Look at a food label...fat is 9 calories per gram, protein and carbs are 4 calories per gram. Unless you are in a state of ketosis (which is an entirely different story) your body is adapted to being as efficient as possible. That means it can burn 2 grams of protein for every gram of fat it burns, once your glycogen stores have been depleted. However, first thing in the morning, they're already depleted from your 8 hour fast (sleep) and your body needs something to use as fuel. It's got body fat and muscle (made of protein). Protein is easier for it to utilize so it does. Do this over a long period and you transform yourself into what is termed "skinny-fat". You've seen this before - the person at the gym who does inclined walking at the same speed for an hour and still has the belly, saddlebags, and big thighs without the slightest hint of vascularity or definition.

I didn't mean to insult anybody in this post...I'm just trying to help to clear up a lot of the misconceptions about nutrition. If you have a problem with anything I've said or would like to know more, please say something and I will respond as quickly as I can. I have learned most of this through my own reading of scientific journals, and summaries of those journals as it relates to sports nutrition and bodybuilding. I am not a doctor, biochemist, or nutritionist...I'm just a guy who knows how to fuel his body to do what he needs it to do.


----------



## fsrxc (Jan 31, 2004)

adrenaline.junkie said:


> It's not speculation and I would love to post an article citing the various biochemical processes that come into play but I bet 1% of the people on here would understand the summary, which is supposed to be written in relative lay man's terms, and even that estimate might be a bit high (no offense to anybody in here...this stuff is complex and the application of the science is what most people need to be worried about).
> 
> Look at a food label...fat is 9 calories per gram, protein and carbs are 4 calories per gram. Unless you are in a state of ketosis (which is an entirely different story) your body is adapted to being as efficient as possible. That means it can burn 2 grams of protein for every gram of fat it burns, once your glycogen stores have been depleted. However, first thing in the morning, they're already depleted from your 8 hour fast (sleep) and your body needs something to use as fuel. It's got body fat and muscle (made of protein). Protein is easier for it to utilize so it does. Do this over a long period and you transform yourself into what is termed "skinny-fat". You've seen this before - the person at the gym who does inclined walking at the same speed for an hour and still has the belly, saddlebags, and big thighs without the slightest hint of vascularity or definition.
> 
> I didn't mean to insult anybody in this post...I'm just trying to help to clear up a lot of the misconceptions about nutrition. If you have a problem with anything I've said or would like to know more, please say something and I will respond as quickly as I can. I have learned most of this through my own reading of scientific journals, and summaries of those journals as it relates to sports nutrition and bodybuilding. I am not a doctor, biochemist, or nutritionist...I'm just a guy who knows how to fuel his body to do what he needs it to do.


Huh?
The OP is about fueling for a ride, not what happens if you fast before a ride, so your comments above are out of context, and likely more than 1% of the readers recognize that.

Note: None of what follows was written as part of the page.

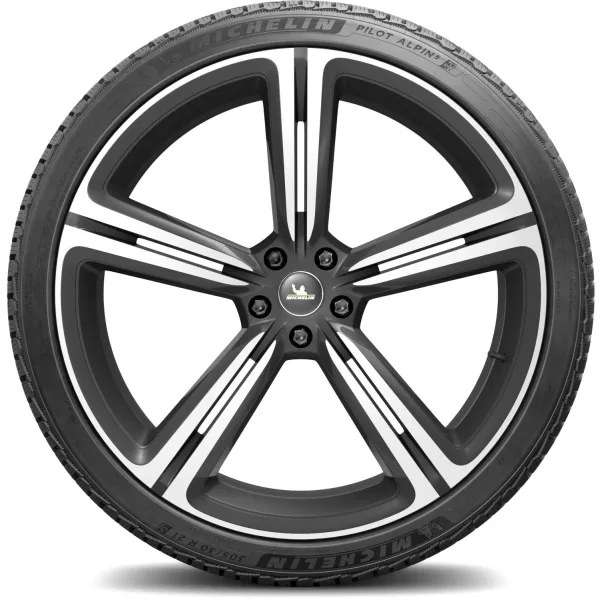 Michelin 305/30 R21 104V XL Pilot Alpin 5 — изображение 3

So much for not insulting anyone, AD?

I'm adding this from the original post to make it clear what I'm talking about:
"what do you eat before you ride? what to do bring with you to eat during a ride? What do you eat after a ride?"
So I'm talking about what I eat before a ride. I say mostly carbs, mostly complex because simple carbs several hours before a ride could mean lowering blood sugar during the ride. Complex carbs could be from a whole grain granola bar (eg. Clif bar) or bagel. People can experiment and see what works for them.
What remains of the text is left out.